# Wax issues?



## mrmidWest (Sep 26, 2011)

I recently waxed my Capita, no problems, and it worked real well on the mountain. I'm now trying to wax my Echelon and I'm getting these rough patches of wax when i scrape it along the side. I keep trying to scrape it but it doesnt seem to be doing anything.. The patches are about an inch from the edge, 2-3 inches wide, and run almost the length of the board, until the nose and tail curve up. Anyone know what I'm doing wrong or what I can do to correct this?


----------



## wrathfuldeity (Oct 5, 2007)

idk, maybe they used a harder wax on the edges where it wears off faster. Perhaps de-wax it with base cleaner, let dry and re-wax.


----------



## honeycomb (Feb 6, 2011)

Are you sure you're scraping wax? Rough white patches are usually where the base is dried out, no wax. Try buffing it with scotch brite, if it doesn't go away the base is dried out. Check your iron temp and make sure you're getting the base warm enough to absorb the wax.
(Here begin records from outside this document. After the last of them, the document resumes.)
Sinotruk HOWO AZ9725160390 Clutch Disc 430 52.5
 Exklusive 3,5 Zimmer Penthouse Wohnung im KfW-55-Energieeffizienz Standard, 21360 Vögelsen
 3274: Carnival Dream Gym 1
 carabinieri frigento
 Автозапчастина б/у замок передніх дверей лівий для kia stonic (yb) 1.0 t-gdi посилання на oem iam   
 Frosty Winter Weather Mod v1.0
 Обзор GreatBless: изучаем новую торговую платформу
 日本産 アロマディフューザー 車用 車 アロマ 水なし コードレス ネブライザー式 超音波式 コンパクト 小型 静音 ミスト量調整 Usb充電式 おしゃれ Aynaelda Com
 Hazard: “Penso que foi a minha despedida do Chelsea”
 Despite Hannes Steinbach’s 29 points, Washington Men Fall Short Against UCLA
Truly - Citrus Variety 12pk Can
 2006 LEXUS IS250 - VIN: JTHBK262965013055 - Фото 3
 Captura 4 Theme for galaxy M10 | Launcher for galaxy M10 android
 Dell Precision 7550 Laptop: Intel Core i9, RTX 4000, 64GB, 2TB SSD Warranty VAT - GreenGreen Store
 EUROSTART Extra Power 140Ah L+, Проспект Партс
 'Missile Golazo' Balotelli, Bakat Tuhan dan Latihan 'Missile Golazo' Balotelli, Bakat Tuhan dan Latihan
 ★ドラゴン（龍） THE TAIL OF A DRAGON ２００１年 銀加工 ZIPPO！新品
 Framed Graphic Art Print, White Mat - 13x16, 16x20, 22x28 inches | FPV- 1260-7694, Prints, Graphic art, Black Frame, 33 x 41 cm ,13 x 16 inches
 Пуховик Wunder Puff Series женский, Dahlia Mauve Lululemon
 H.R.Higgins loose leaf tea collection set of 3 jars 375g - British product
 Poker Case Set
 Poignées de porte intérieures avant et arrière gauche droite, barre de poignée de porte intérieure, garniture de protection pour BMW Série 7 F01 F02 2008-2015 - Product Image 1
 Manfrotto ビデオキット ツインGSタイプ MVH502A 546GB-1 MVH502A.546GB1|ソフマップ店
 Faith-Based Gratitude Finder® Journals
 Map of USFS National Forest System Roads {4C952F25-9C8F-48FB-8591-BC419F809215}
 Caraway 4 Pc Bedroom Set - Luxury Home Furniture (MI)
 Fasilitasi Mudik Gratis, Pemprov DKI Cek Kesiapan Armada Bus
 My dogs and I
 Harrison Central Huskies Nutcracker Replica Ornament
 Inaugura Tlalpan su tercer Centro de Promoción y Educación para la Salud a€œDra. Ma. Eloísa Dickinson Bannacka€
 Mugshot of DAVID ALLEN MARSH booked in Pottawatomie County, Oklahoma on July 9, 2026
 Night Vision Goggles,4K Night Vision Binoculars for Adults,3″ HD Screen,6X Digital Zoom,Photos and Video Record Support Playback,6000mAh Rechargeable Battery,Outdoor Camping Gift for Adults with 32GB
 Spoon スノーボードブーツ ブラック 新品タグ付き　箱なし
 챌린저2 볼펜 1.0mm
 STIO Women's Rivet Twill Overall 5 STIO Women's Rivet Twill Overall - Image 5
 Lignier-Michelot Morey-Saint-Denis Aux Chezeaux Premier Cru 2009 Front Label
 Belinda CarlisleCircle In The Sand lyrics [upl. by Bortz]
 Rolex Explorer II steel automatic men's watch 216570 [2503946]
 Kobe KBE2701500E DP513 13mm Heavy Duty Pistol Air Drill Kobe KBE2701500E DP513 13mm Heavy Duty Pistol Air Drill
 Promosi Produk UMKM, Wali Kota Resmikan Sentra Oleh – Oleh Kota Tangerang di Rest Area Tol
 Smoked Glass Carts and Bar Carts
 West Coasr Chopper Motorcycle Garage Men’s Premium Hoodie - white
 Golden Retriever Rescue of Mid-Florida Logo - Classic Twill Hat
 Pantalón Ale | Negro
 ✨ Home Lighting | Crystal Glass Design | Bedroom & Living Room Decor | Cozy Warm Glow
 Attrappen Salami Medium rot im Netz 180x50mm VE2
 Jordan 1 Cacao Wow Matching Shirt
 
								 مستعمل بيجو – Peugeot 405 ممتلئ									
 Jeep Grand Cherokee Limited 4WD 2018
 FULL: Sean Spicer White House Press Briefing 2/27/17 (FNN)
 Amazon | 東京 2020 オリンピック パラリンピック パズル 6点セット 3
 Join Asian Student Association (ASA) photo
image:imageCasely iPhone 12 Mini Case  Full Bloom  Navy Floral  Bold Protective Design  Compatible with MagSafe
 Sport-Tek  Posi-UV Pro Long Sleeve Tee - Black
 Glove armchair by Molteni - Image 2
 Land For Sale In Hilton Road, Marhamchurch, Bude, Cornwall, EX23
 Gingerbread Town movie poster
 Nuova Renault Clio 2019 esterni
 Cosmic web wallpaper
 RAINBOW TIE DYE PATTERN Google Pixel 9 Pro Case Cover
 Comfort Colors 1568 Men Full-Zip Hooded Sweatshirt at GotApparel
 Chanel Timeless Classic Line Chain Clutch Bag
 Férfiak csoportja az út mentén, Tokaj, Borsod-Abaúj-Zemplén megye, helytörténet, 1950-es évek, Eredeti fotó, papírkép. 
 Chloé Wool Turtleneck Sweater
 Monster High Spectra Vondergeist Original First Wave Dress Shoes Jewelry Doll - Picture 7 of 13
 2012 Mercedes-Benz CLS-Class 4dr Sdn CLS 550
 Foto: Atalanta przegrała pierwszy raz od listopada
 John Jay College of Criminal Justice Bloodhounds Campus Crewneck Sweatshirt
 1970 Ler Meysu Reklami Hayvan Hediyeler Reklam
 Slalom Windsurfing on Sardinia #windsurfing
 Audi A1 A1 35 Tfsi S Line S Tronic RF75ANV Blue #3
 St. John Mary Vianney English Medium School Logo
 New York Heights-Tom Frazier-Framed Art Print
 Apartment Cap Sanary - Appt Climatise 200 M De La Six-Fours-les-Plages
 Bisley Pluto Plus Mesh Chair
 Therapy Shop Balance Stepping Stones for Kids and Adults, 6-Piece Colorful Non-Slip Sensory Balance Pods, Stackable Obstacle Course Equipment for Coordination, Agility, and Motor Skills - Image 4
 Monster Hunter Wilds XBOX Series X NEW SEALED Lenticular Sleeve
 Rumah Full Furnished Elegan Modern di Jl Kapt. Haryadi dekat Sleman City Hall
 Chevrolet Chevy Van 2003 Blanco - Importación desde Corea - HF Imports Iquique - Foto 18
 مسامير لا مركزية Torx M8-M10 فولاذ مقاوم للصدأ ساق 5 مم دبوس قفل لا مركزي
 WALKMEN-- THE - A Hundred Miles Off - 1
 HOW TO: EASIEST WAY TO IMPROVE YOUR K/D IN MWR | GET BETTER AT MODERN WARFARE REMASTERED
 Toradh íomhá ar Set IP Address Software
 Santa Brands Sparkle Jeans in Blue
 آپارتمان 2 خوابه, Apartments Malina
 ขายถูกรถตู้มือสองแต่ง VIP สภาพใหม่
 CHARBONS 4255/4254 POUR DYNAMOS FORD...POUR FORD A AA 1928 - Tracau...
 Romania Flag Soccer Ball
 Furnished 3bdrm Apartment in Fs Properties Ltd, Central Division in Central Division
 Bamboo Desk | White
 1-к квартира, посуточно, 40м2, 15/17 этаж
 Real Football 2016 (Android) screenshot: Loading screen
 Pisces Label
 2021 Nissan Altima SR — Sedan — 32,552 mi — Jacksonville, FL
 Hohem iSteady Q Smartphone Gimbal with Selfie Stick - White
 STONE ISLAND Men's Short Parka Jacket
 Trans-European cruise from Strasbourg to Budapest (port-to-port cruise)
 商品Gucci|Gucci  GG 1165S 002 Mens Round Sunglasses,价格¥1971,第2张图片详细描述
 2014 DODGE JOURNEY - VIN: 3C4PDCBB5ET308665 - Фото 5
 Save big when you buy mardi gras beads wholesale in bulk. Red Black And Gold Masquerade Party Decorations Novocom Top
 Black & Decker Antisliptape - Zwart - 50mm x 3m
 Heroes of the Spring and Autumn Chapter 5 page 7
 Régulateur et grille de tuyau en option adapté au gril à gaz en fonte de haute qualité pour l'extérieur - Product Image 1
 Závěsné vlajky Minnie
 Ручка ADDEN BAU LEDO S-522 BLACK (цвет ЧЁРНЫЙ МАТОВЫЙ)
It should take 10-20mins to melt in the wax, get it hot enough that it stays liquid for 20-30seconds after you move the iron to a different part of the base. If the base is really dried out, let the board cool then melt the wax in again, adding more wax in places if needed.


----------



## EchelonSnow (Apr 25, 2011)

Hi, don here. What board are you riding? I suspect that what you're getting is an artifact of extra wax from the non- flat base- if it's a BS/true3d board, remember that there is a central flat section, and two crescent shaped sections abou in the width you are describing that are the raised portions. This also occurs on the lite3d version, although it probably isn't as noticeable.

This is the case of all non-flat bases, not just us-- easy rider, spoon, TBT- they all require techniques different from traditional flat bases.


----------